The good news is that this doesn't hurt your site at all. The only down side is that it clutters up this report and makes it hard for you to find any real 404 issues.
var s = "2370" + "/" + "2317";
Here is what Google's John Mueller (who works on Webmaster Tools and Sitemaps) has to say about 404 errors that appear in Webmaster tools:
HELP! MY SITE HAS 939 CRAWL ERRORS!!1
I see this kind of question several times a week; you’re not alone - many websites have crawl errors.
- 404 errors on invalid URLs do not harm your site’s indexing or ranking in any way. It doesn’t matter if there are 100 or 10 million, they won’t harm your site’s ranking. http://googlewebmastercentral.blogspot.ch/2011/05/do-404s-hurt-my-site.html
- In some cases, crawl errors may come from a legitimate structural issue within your website or CMS. How you tell? Double-check the origin of the crawl error. If there's a broken link on your site, in your page's static HTML, then that's always worth fixing. (thanks +Martino Mosna)
- You don’t need to fix crawl errors in Webmaster Tools. The “mark as fixed” feature is only to help you, if you want to keep track of your progress there; it does not change anything in our web-search pipeline, so feel free to ignore it if you don’t need it.
- We list crawl errors in Webmaster Tools by priority, which is based on several factors. If the first page of crawl errors is clearly irrelevant, you probably won’t find important crawl errors on further pages.
- There’s no need to “fix” crawl errors on your website. Finding 404’s is normal and expected of a healthy, well-configured website. If you have an equivalent new URL, then redirecting to it is a good practice. Otherwise, you should not create fake content, you should not redirect to your homepage, you shouldn’t robots.txt disallow those URLs -- all of these things make it harder for us to recognize your site’s structure and process it properly. We call these “soft 404” errors.

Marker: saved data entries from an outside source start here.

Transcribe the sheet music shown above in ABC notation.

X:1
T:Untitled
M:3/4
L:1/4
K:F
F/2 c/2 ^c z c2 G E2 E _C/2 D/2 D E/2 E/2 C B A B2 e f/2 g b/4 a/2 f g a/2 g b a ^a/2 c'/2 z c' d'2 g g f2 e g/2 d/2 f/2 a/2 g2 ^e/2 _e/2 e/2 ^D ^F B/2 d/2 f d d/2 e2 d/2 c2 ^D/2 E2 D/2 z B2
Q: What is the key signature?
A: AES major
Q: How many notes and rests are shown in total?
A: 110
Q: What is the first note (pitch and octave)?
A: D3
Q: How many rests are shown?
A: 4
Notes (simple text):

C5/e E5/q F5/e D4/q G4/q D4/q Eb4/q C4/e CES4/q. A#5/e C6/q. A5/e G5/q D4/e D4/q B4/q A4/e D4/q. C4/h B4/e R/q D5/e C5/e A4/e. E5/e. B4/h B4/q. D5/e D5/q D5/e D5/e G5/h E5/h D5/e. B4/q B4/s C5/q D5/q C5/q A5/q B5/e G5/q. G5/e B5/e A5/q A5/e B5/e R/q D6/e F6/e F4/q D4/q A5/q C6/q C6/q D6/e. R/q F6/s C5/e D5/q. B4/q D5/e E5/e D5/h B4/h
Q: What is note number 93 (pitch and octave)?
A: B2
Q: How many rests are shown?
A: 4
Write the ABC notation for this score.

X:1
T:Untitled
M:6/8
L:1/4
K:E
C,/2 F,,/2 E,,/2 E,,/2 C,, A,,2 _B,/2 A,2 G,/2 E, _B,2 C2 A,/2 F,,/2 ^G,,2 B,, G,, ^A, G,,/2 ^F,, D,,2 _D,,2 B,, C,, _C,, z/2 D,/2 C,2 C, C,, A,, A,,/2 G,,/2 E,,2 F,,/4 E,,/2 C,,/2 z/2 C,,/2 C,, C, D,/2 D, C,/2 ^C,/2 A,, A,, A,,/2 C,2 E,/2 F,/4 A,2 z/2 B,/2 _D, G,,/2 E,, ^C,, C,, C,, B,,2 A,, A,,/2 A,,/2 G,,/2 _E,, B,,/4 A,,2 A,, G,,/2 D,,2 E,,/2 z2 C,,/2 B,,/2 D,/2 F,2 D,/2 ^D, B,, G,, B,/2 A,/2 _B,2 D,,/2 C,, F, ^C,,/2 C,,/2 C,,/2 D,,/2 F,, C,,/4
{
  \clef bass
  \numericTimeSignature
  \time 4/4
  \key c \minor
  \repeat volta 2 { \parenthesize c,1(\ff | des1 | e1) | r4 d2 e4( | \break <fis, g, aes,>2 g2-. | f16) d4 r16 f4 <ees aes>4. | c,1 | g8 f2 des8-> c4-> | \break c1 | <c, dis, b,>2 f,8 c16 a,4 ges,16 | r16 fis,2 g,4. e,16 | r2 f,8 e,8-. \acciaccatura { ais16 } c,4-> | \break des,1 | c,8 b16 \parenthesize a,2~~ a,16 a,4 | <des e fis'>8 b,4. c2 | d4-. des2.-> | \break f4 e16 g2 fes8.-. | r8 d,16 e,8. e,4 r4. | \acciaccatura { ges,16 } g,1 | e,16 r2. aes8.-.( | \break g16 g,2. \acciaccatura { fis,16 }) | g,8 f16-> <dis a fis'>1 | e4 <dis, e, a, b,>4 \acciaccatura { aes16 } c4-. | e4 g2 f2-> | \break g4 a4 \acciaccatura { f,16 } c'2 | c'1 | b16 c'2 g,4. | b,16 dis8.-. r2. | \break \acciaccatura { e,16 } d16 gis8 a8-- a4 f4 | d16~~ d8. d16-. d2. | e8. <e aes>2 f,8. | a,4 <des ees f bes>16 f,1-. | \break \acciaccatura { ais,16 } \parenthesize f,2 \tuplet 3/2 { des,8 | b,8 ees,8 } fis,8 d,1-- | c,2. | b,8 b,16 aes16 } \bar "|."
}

- Obviously - if these crawl errors are showing up for URLs that you care about, perhaps URLs in your Sitemap file, then that’s something you should take action on immediately. If Googlebot can’t crawl your important URLs, then they may get dropped from our search results, and users might not be able to access them either.
It is also possible that Google is adding these numbers to the URL one at a time. Your site behaves in an odd way. I found your site and tried
/90s-unforgetable-memories-just-have-a-look/2317/ which returns the same pages as
/90s-unforgetable-memories-just-have-a-look/. Only when I put a second number on the URL, then it returns a 404. It might help to configure your site to eliminate this duplicate content problem. One way would be to use this redirect directive in your .htaccess file:
RedirectMatch permanent /([a-z0-9\-]+\/)[0-9\/]+ /$1
That rule will effectively remove all the trailing numbers and slashes from your URLs and redirect back to the article. You'll have no more duplicate content or 404s then.